Figuras do PS em “estado de choque” após “condenável” acção policial no Martim Moniz
Santos Silva, Ferro Rodigues e António Vitorino criticam operação no Martim Moniz. Esquerda exige explicações ao Governo e presidente de junta pede demissão de ministra. À direita, fazem-se reparos.
As reacções às imagens de dezenas de imigrantes com as mãos na parede no Martim Moniz, em Lisboa, a serem revistados pela PSP esta quinta-feira à tarde, sucedem-se. Três figuras do PS não poupam o Governo e uma operação que o primeiro-ministro, Luís Montenegro, enquadrou considerando que “quanto maior for a capacidade fiscalizadora”, também maior será “a capacidade de tranquilizar os cidadãos”.
Para o ex-presidente da Assembleia da República, Augusto Santos Silva, é “evidente” que o episódio configura uma instrumentalização das forças de segurança. O socialista Eduardo Ferro Rodrigues, também antigo presidente da Assembleia da República, diz-se “em estado de choque”. E António Vitorino, que preside ao Conselho Nacional para as Migrações e Asilo, “a tentativa de criar a ideia de que essas acções policiais visam um determinado grupo, é verdadeiramente errada”.

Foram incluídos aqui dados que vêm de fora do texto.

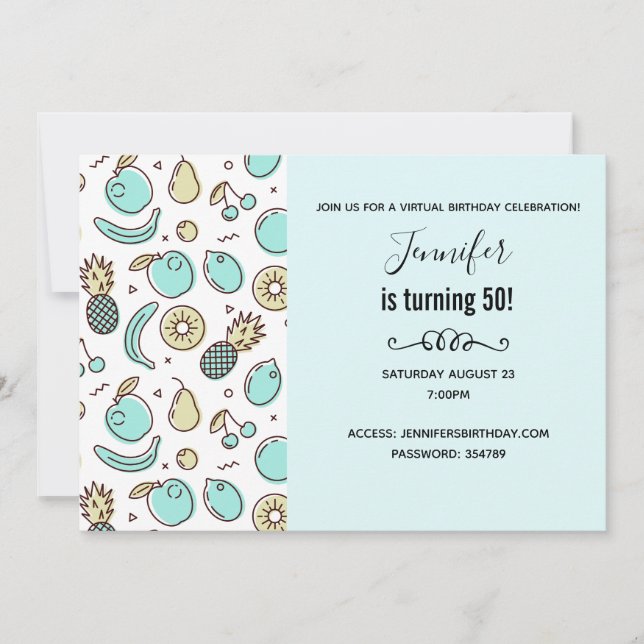 Convites Sumário de Padrões de Fruta Bonitos, Que Era Um An (Frente)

"A operação policial de ontem [quinta-feira] é condenável a todos os títulos, incluindo do ponto de vista técnico. Não é assim que se faz aumentar o sentimento de segurança das pessoas. Pelo contrário, pôr pessoas encaradas para a parede, dezenas de pessoas para revistar, para serem revistadas por polícias fortemente armadas, lembra imagens de pelotões de fuzilamento e coisas semelhantes", considerou Augusto Santos Silva, em declarações à TSF.
O antigo ministro de vários governos do PS entende que o Governo, com o episódio desta quinta-feira, "está a instrumentalizar as forças de segurança com um objectivo político errado, ilegítimo, mas também bastante – não queria dizer estúpido – perverso. Porque, ao mesmo tempo que esta operação se faz, criando junto da comunidade migrante um sentimento de que não é bem-vinda em Portugal, de que é criminalizada como tal em Portugal, as imagens também circulam internacionalmente e uma das grandes vantagens comparativas do nosso país, que é de ser um país tranquilo, seguro e que acolhe bem as pessoas vindas de todo o lado (...) essa imagem é torpedeada”.

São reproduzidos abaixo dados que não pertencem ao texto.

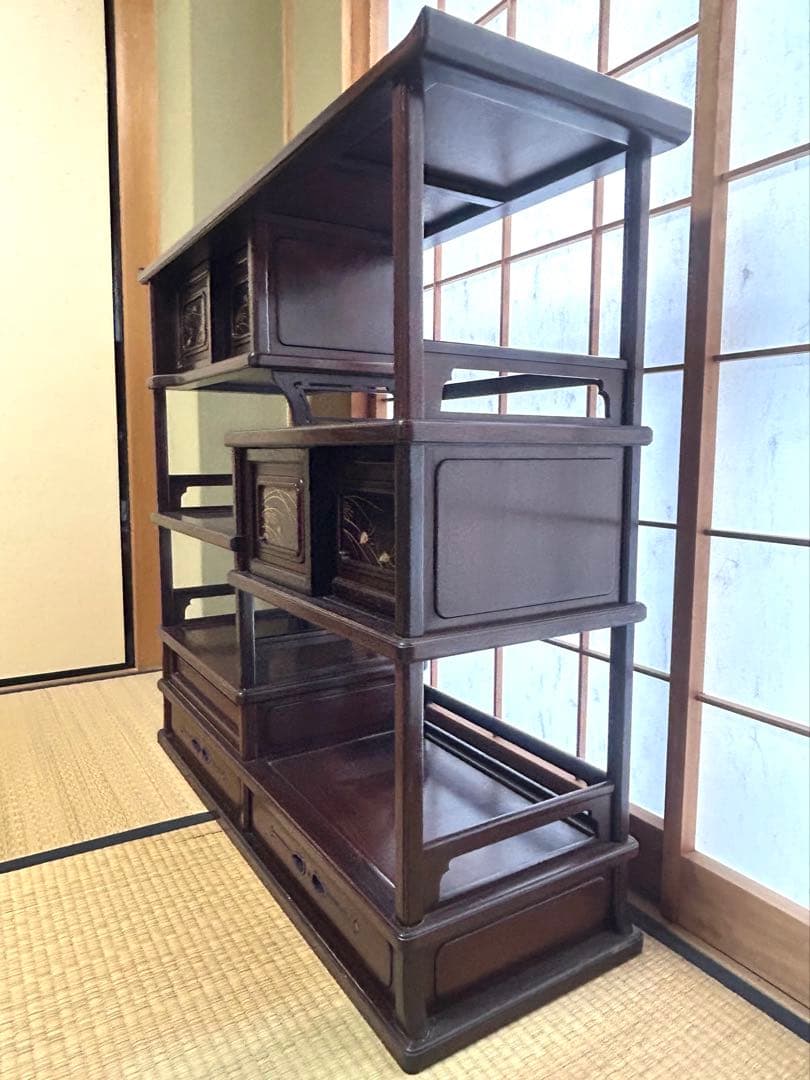 唐木　紫檀　蒔絵　飾り棚　古家具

Em entrevista à SIC Notícias, António Vitorino defendeu que "tanto aparato para tão pouco resultado" – duas detenções – "não ajuda a credibilização das operações de segurança". O socialista admite que "a existência de operações policiais que têm como objectivo perseguir criminosos, faz todo sentido, numa sociedade democrática é assim mesmo”, porém deixa críticas duras a esta operação em concreto, considerando haver aqui uma tentativa de resposta do executivo da AD ao Chega.
"É verdadeiramente errado” tentar “criar a ideia de que essas acções policiais visam um determinado grupo (...). É evidente que o Governo está acossado por um partido à direita que utiliza estes temas como arma de arremesso. Mas isso faz parte do jogo político, desde que aí não resulte nenhuma discriminação negativa em relação aos imigrantes”, concluiu Vitorino.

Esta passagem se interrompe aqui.